• Material supplied
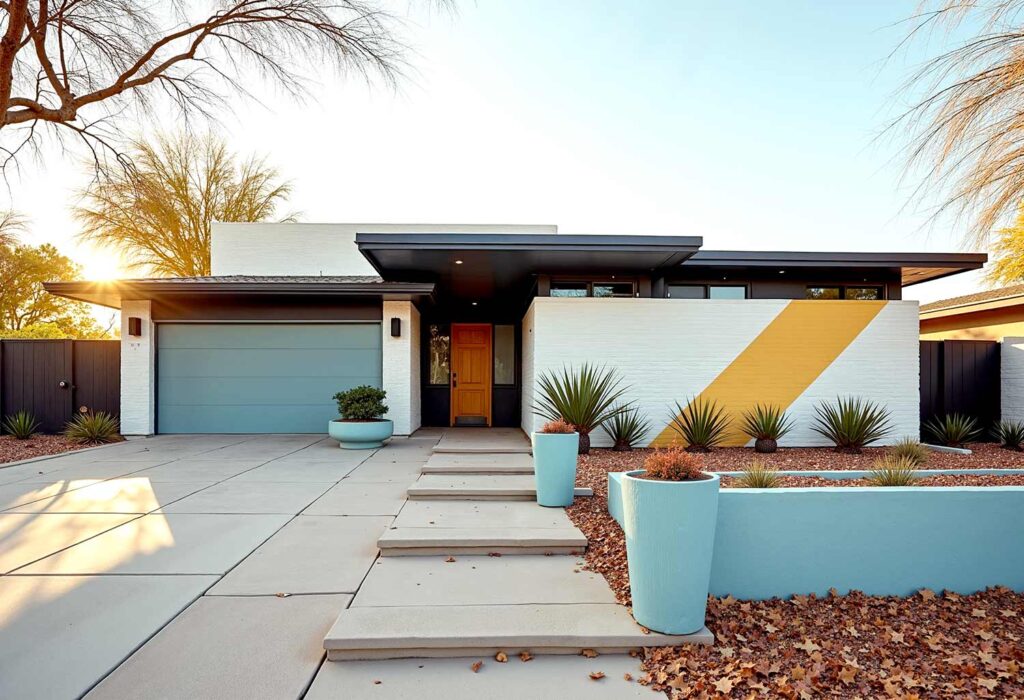 White Mid-Century Modern with Black Trim and Yellow and Blue Design, exterior home painting, residential facade enhancement/transformation, house exterior treatment/enhancement, dwelling surface decoration/coloration, property outer wall treatments/designs, architectural surface painting/treatment, building perimeter decoration/enhancement, home outside surface applications/design, facade improvement, residential exterior transformation, house surface painting, geometric shapes, triangular elements, diagonal lines, garage door transformations, desert modern, mid-century modern, color coordination, architectural interest, strategic lighting, visual energy, curb appeal, neighborhood standout, color blocking, architectural features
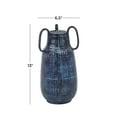 thumbnail image 4 of DecMode 13" Blue Ceramic Vase with Handles, 4 of 10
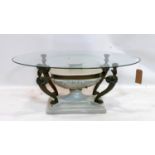 An Empire style coffee table with glass top, H.45 W.107 D.61cm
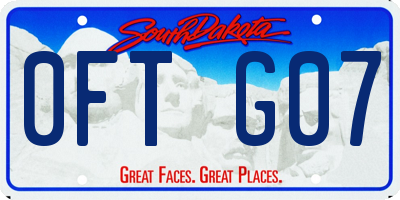 SD license plate 0FTG07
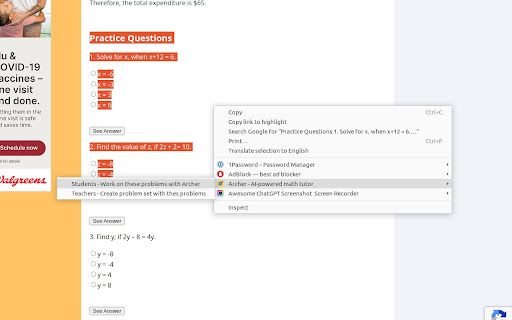image for Archer - AI-powered math tutor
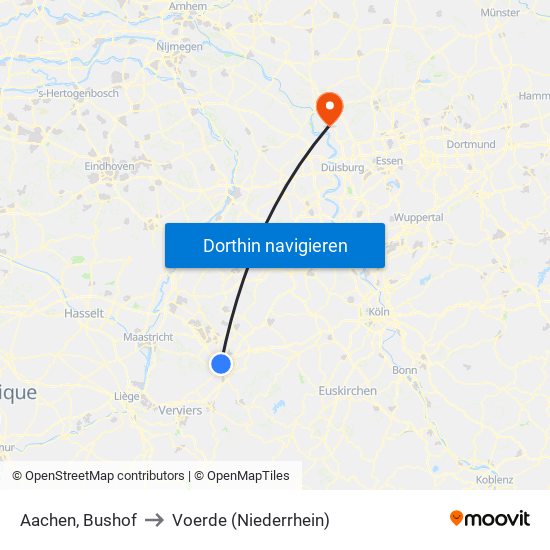 Aachen, Bushof to Voerde (Niederrhein) map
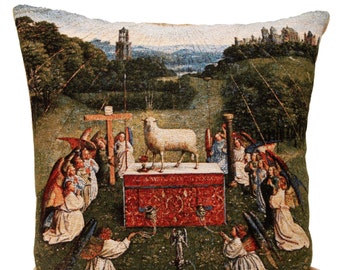 jacquard woven belgian gobelin tapestry cushion pillow cover The Adoration of The Mystic Lamb by Jan Van Eyck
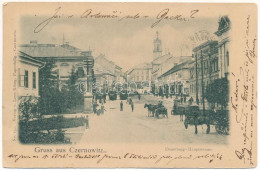 T2/T3 1900 Chernivtsi, Czernowitz, Cernauti, Csernyivci (Bukovina, Bukowina); Enzenberg Hauptstrasse / Main Street, Tram - Zonder Classificatie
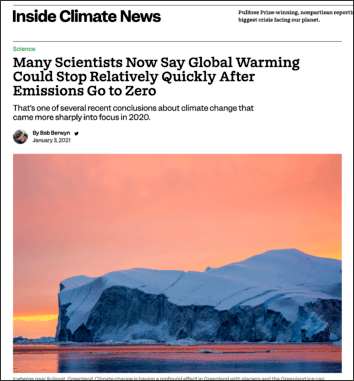 INSIDE CLIMATE NEWS: "Global Warming Could Stop Relatively Quickly After Emissions Go to Zero"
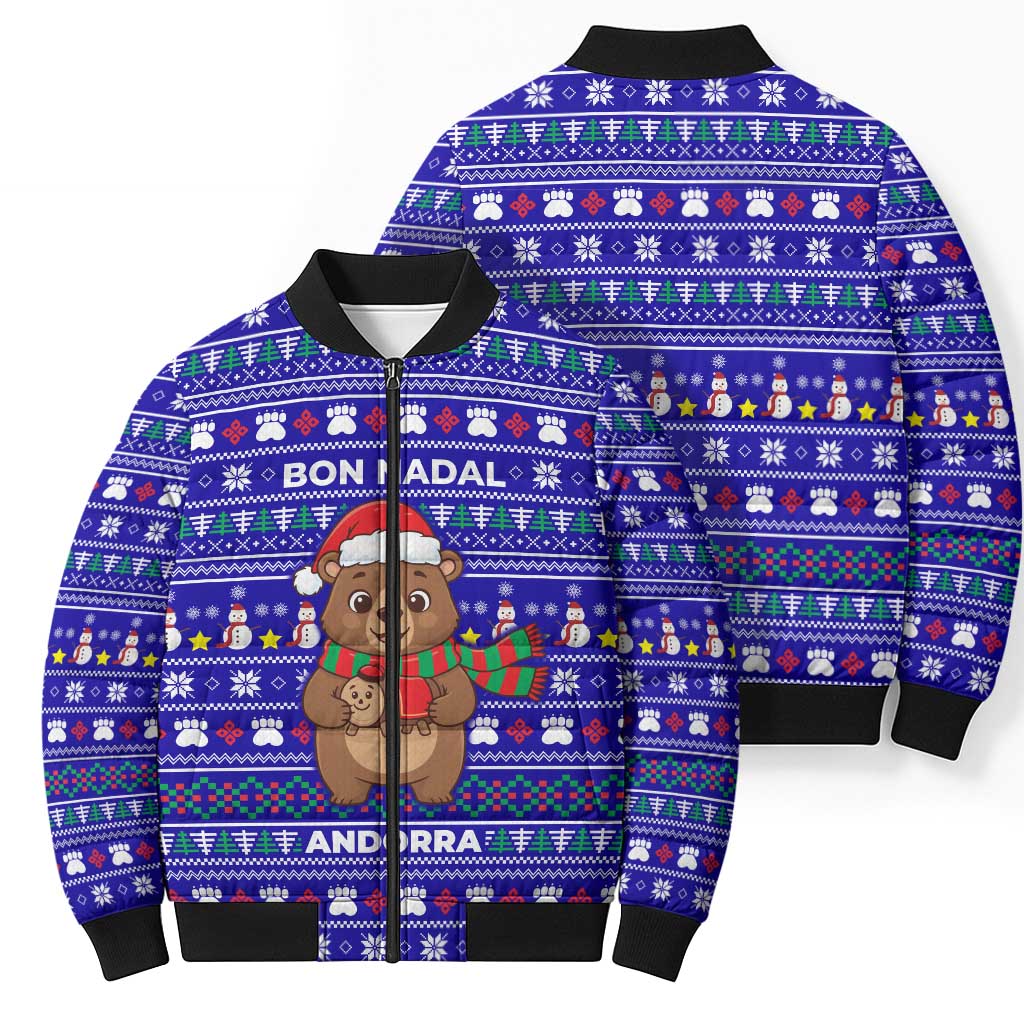Bon Nadal Andorra Christmas Bomber Puffer Jacket Holiday Bear, Snowflakes, Paw Prints & Winter - Wonder Print Shop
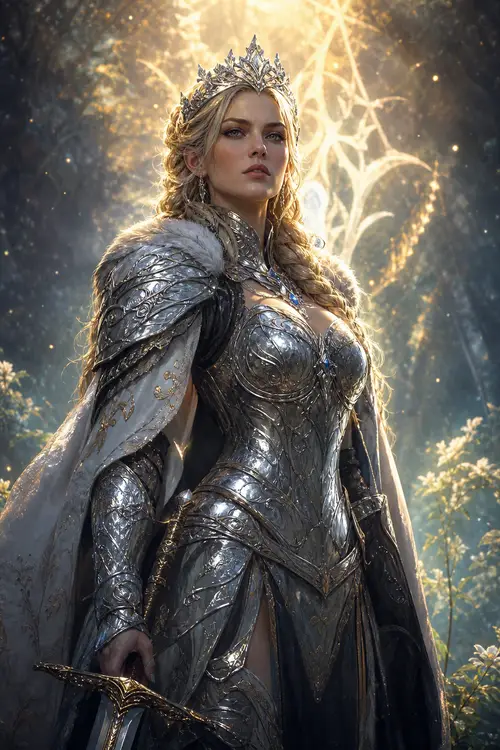 Epic Fantasy Warrior Queen Portrait in Silver Armor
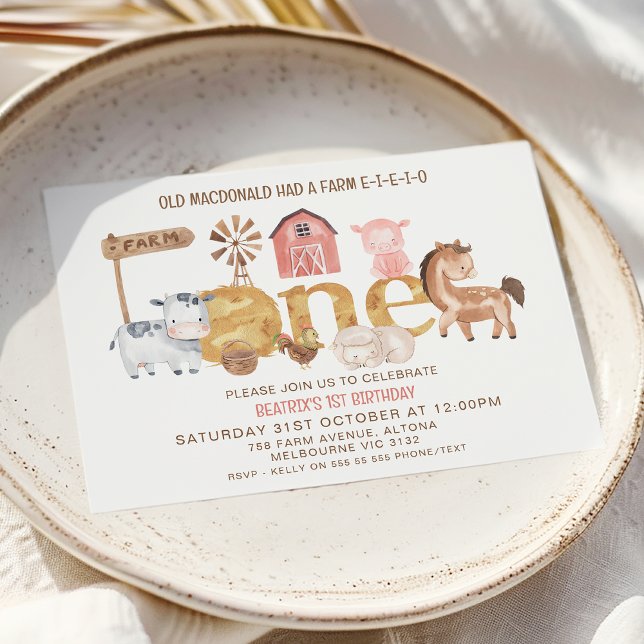Invitation Filles rustiques modernes Une ferme 1er anniversai (Girls Farm Themed First Birthday Invitation, Farmyard 1st Birthday Invite Girl, Oink Baa Moo Invite)
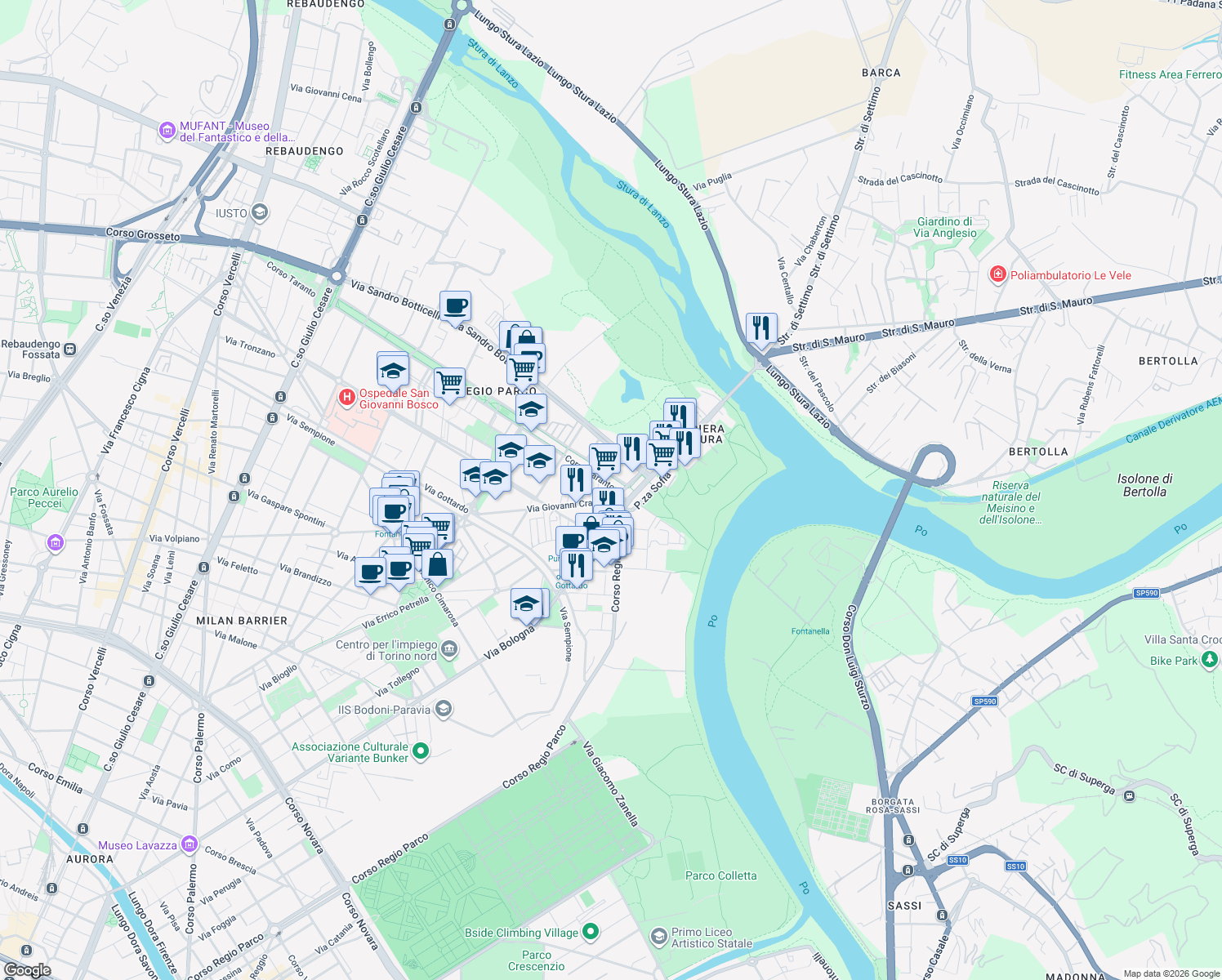 map of restaurants, bars, coffee shops, grocery stores, and more near 206 Corso Taranto in Torino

• Exercise aim
Exactly restate the lines from the one holding "jacquard woven belgian" to the final line of the records above, including both and excluding pictures.

• Response to this task
 jacquard woven belgian gobelin tapestry cushion pillow cover The Adoration of The Mystic Lamb by Jan Van Eyck
 T2/T3 1900 Chernivtsi, Czernowitz, Cernauti, Csernyivci (Bukovina, Bukowina); Enzenberg Hauptstrasse / Main Street, Tram - Zonder Classificatie
 INSIDE CLIMATE NEWS: "Global Warming Could Stop Relatively Quickly After Emissions Go to Zero"
Bon Nadal Andorra Christmas Bomber Puffer Jacket Holiday Bear, Snowflakes, Paw Prints & Winter - Wonder Print Shop
 Epic Fantasy Warrior Queen Portrait in Silver Armor
Invitation Filles rustiques modernes Une ferme 1er anniversai (Girls Farm Themed First Birthday Invitation, Farmyard 1st Birthday Invite Girl, Oink Baa Moo Invite)
 map of restaurants, bars, coffee shops, grocery stores, and more near 206 Corso Taranto in Torino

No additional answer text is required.